On Jan 28, 6:50*am, Mizter T wrote:
On 28 Jan, 13:22, Graeme Wall wrote:





In message
* * * * * Stephen Furley wrote:


On 28 Jan, 12:35, Brian Robertson wrote:
What is the history of the totem station name signs? Were they purely a
BR design? Were they first introduced straight after nationalisation?
Were they an adaptation of an existing design (As in the LNER brakevan
becoming the BR standard).


The shape was pure BR, but the idea of the name on a bar passing
through some sort of shape was used previously by a number of
railways, the SR targets are probably the closest to the BR totems,
but there are also the LT roundel signs, and at least one railway had
diamond shaped ones, but I cannot remember who.


LT again, before the roundels. *Actually, strictly speaking I think it was
only the Metropolitan, not LT as a whole. *The roundel was adopted about
1908.


There was no LT before the roundel. The roundel first appeared in
1908, when the various underground railway companies agreed to use the
term Underground, the 'UndergrounD' logotype and also use a bar and
circle device for station name boards.

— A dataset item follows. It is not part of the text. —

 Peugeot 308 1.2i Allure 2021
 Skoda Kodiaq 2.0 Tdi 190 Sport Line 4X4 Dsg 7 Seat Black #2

That's all the underground
railway companies apart from the Metropolitan Railway, who decided to
go their own way in 1914 with the diamond device.

The LT Museum has a section that deals with the history of the roundel
he
http://www.ltmcollection.org/roundel/about/detailedhistory.html

Note that the London General Omnibus Company (LGOC) had introduced a
'winged wheel' device as their logo in 1905. In 1912 the Underground
Electric Railways Company of London Limited (UERL) - also known as the
Underground Group - purchased LGOC.

The roundel in use on the Underground was developed further in the
1910s, resulting in the familiar roundel incorporating the UndergrounD
logotype in the centre bar. This design of roundel then started to
appear on publicity, station nameboards and the exterior of stations.

Separate versions of the roundel were then developed for other
constituent companies in the Underground Group - of particular note is
the LGOC roundel, with the 'GeneraL' logotype in the centre bar. In a
senase this was mirrored by what happened in 2003 when TfL had a big
graphic redesign and started using different roundel designs for all
its constituent parts - Streets, DLR, London Rail etc.

AIUI the separate diamond device as used on the Metropolitan was
phased out when the Metropolitan Railway - along with the Underground
Group and other bus companies and tram operations in the London area -
became part of the new London Passenger Transport Board, which quickly
adopted the trading name of 'London Transport'.

Anyway the section on the LT Museum website is well worth a look, it
goes into it all in a lot more detail.


Thank you. I think I have read all this before. One has never seen
it put so succinctly. You have summarized the roundel's history very
well. I am cross posting this to enable it to reach a wider audience.